Een groot deel van de presentaties gaat over het verbeteren van de dienstverlening via websites en andere digitale kanalen. Dit is goed en zeer belangrijk, want er kan een hoop verbeterd worden bij het vormgeven van de digitale dienstverlening (en gelukkig gebeurt er al veel en hebben we in Nederland ontzettend veel talent rondlopen op dit terrein).
Tegelijkertijd schuilt daarin ook een aantal risico’s. De eerste is dat we ons te veel richten op de toegankelijkheid aan de voorkant, zonder daarbij rekening te houden met de wijze waarop de achterkant geregeld is (inclusief communicatie die daaruit voortvloeit). De tweede is dat we ons te veel blindstaren op de toegankelijkheid van de digitale dienstverlening (via websites), zonder ons te richten op de andere kanalen en de interactie tussen de verschillende communicatievormen die gebruikt worden in overheidsdienstverlening. De laatste is dat we ons vooral richten op de eigen organisatie en te weinig op de organisatieoverschrijdende problematiek van ketens en andere situaties waar meerdere stakeholders bij betrokken zijn.

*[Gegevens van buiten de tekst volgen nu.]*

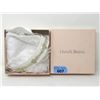 Image 1 : New David's Bridal Crystal Gold Filigree Tie Back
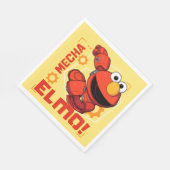 セサミストリート | Mecha Builders Elmoデザイン スタンダードランチョンナプキン (角)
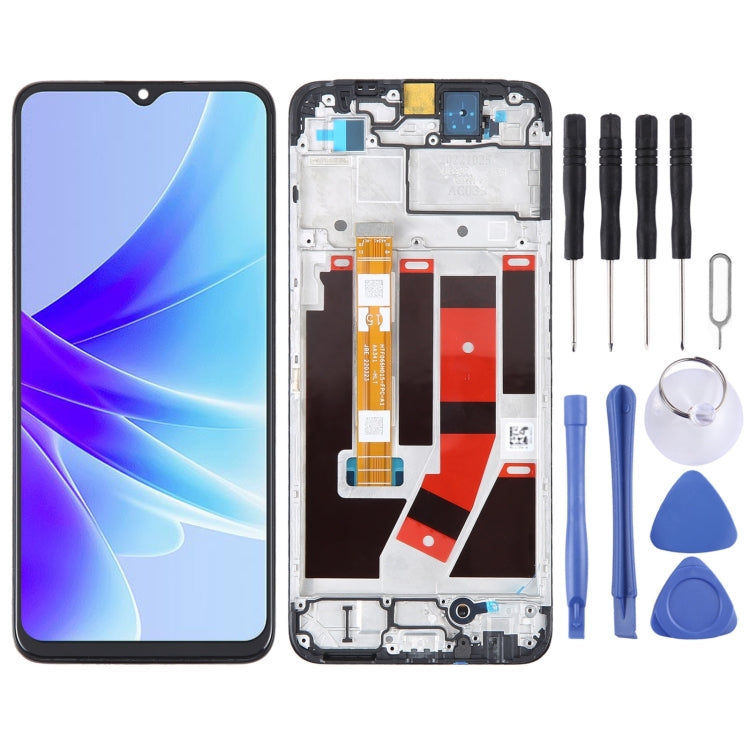 Écran LCD OEM pour assemblage complet de numériseur avec cadre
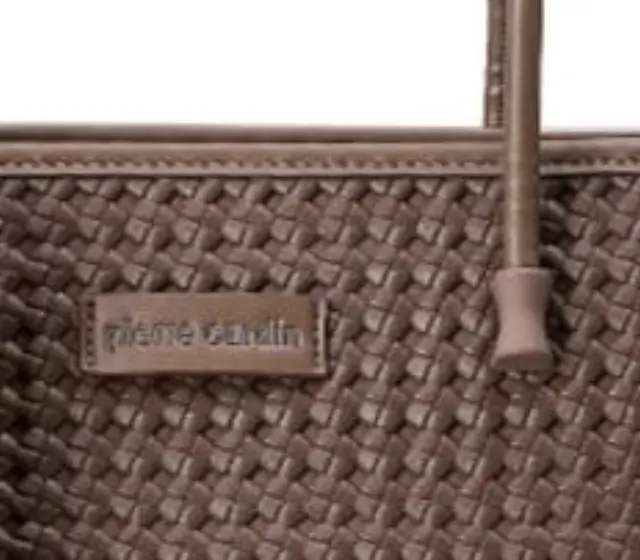Γυναικεία τσάντα χειρός Pierre Cardin, καφέ,long23 2401 3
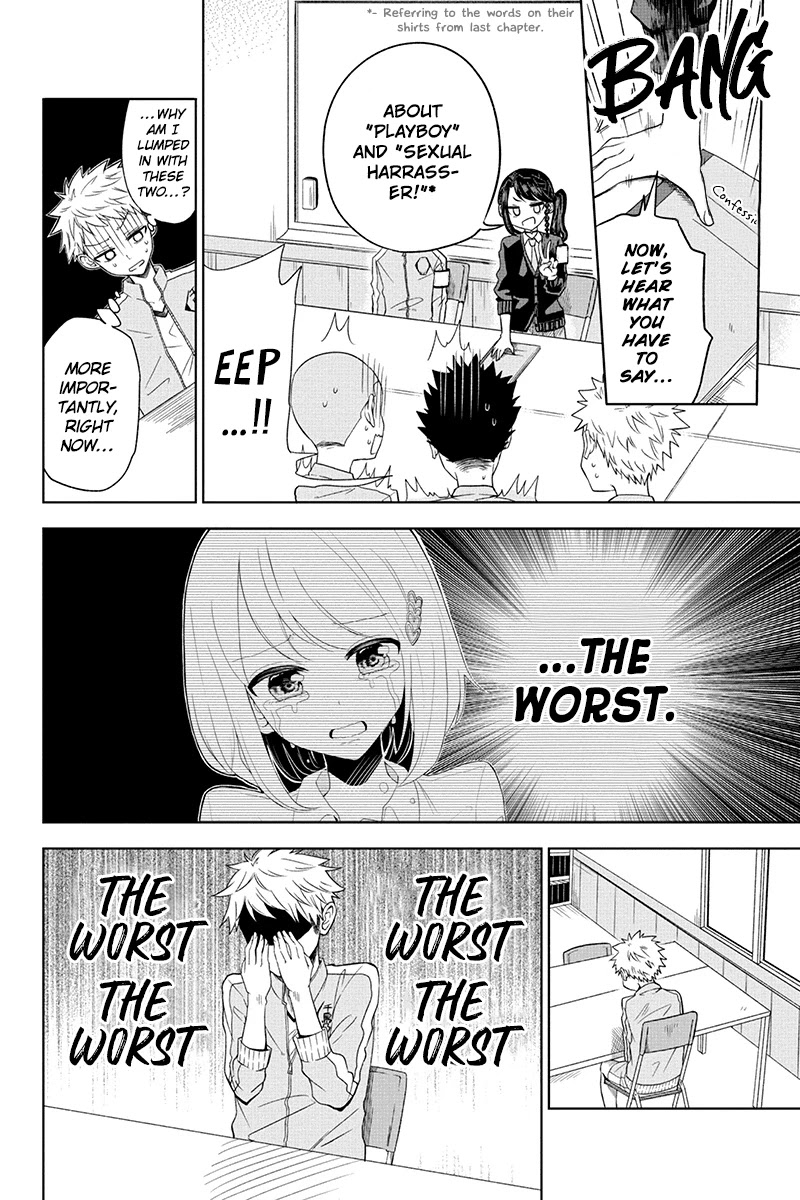 Split Lover Chapter 2 page 6 - Chapter 2: True Feelings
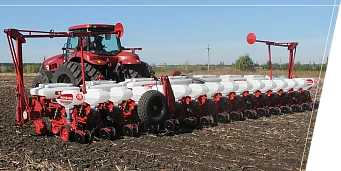 СЕЯЛКА VEGA 8 PROFI-ПОЛУПРИЦЕПНА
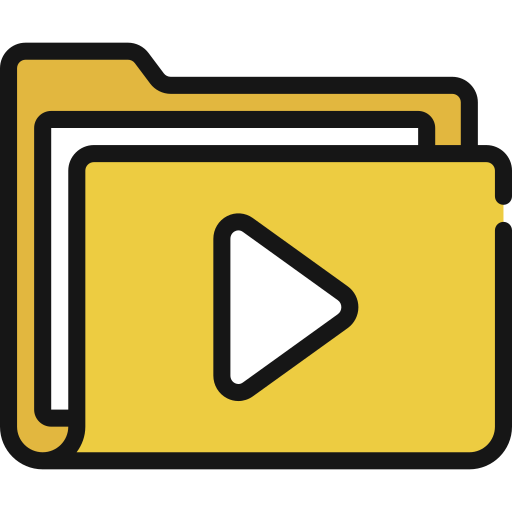 videoordner Juicy Fish Soft-fill icon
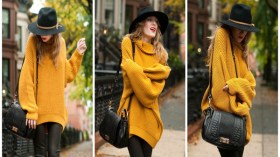 عودة السترات الصوفية الواسعة هذا الشتاء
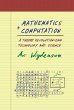 Mathematics and Computation (eBook, PDF) - Bild 1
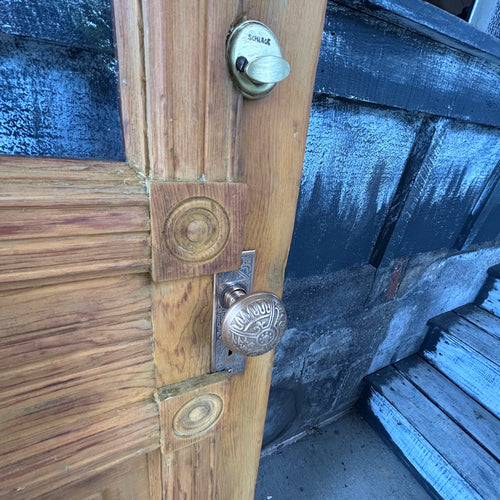 32” Antique Door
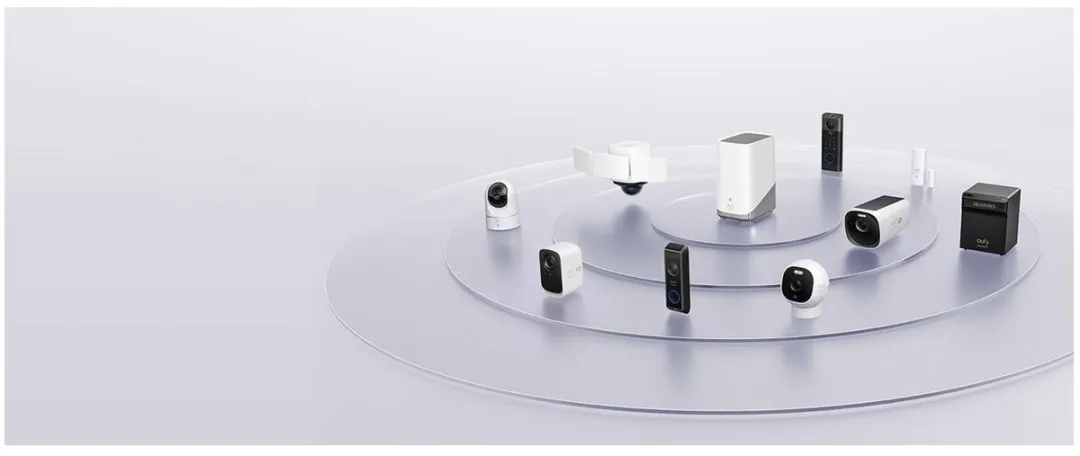Eufy eufyCam S4 + HomeBase 3 S380 + E10 Smart Display - Wit/Zwart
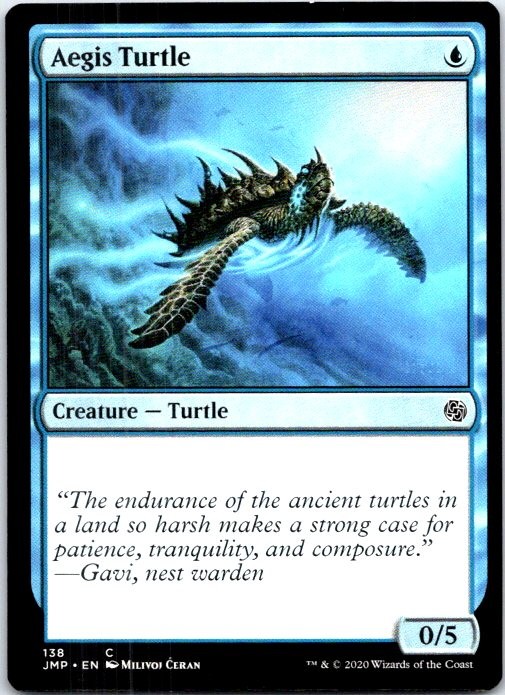 Aegis Turtle C Jumpstart 138 NM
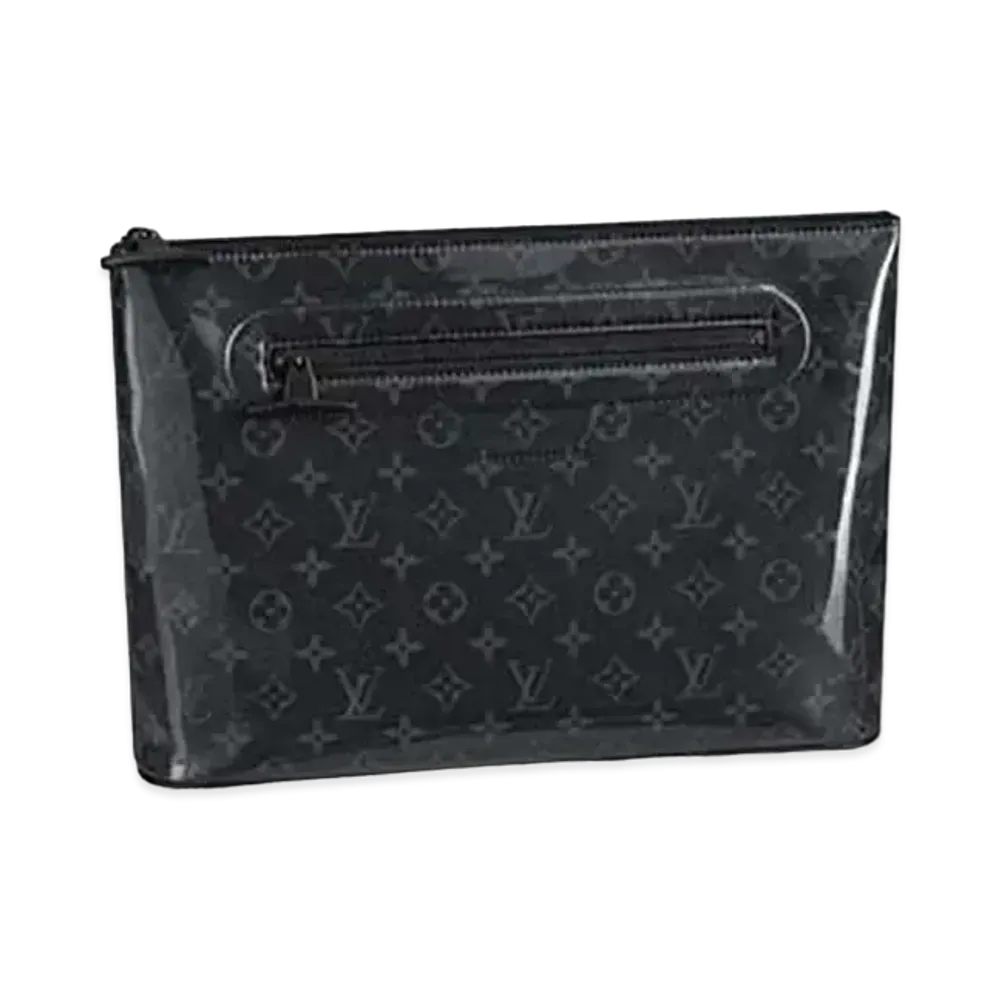 Louis Vuitton Glaze Pochette Cosmos Monogram Eclipse Isetan Pop-up Store Limited
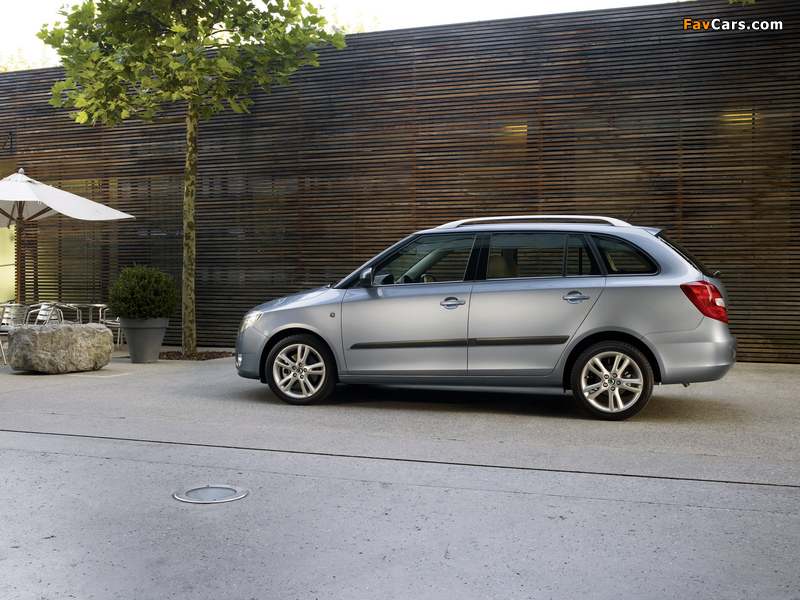 Škoda Fabia Combi (5J) 2007–10 pictures (800 x 600)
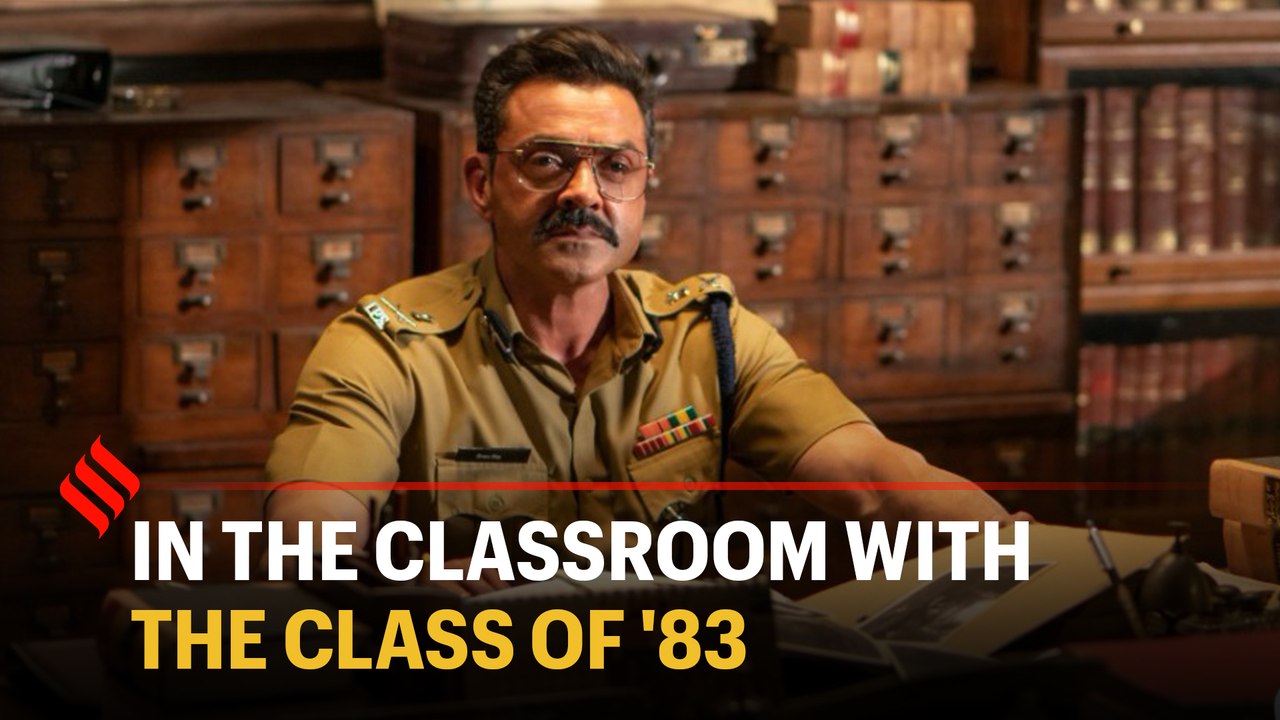 Class of '83 actor Bobby Deol reveals his favourite cop drama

Hiermee kom ik bij mijn hoofdpunt (en de leidraad voor de rest van dit stuk). Het is fantastisch dat er door webredacteuren, online professionals en functioneel verantwoordelijken op dit moment zoveel aandacht is voor toegankelijkheid en gebruiksvriendelijkheid van (online) overheidsdienstverlening, maar voor toegankelijkheid in brede zin is meer nodig en dat vereist een combinatie van botttom-up invloed en top-down sturing. De top blijft daarbij uiteindelijk toch van cruciaal belang en die top moet in beweging komen (Revolutie!). In dit stuk de analyse en het betoog, in het vervolg een meer praktische (en realistische) invulling.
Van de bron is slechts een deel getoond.